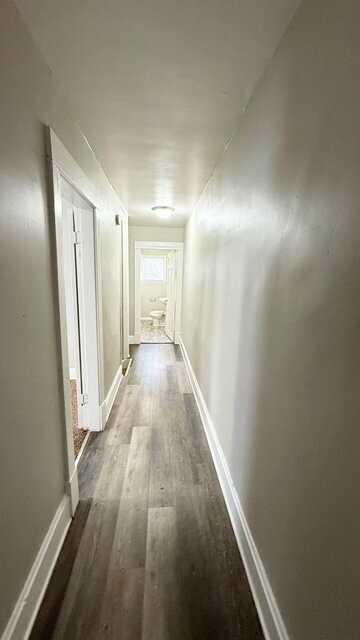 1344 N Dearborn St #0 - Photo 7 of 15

==

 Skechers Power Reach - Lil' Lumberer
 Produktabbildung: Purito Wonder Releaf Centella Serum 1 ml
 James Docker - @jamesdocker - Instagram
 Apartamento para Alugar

==

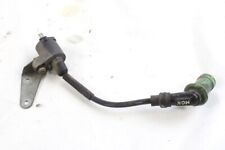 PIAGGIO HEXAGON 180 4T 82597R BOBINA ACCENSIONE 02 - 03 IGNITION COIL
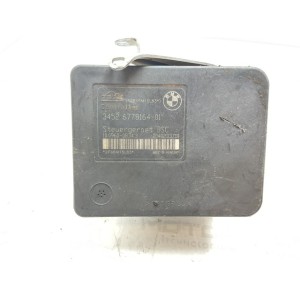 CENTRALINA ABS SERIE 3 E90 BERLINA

_YOUR INSTRUCTIONS_.
For this task, write out exactly the lines of the entries above, starting at the line with "Skechers Power Reach - Lil' Lumberer" and ending at the line with "Apartamento para Alugar", both included, and no others.

_EXERCISE RESULT_.
 Skechers Power Reach - Lil' Lumberer
 Produktabbildung: Purito Wonder Releaf Centella Serum 1 ml
 James Docker - @jamesdocker - Instagram
 Apartamento para Alugar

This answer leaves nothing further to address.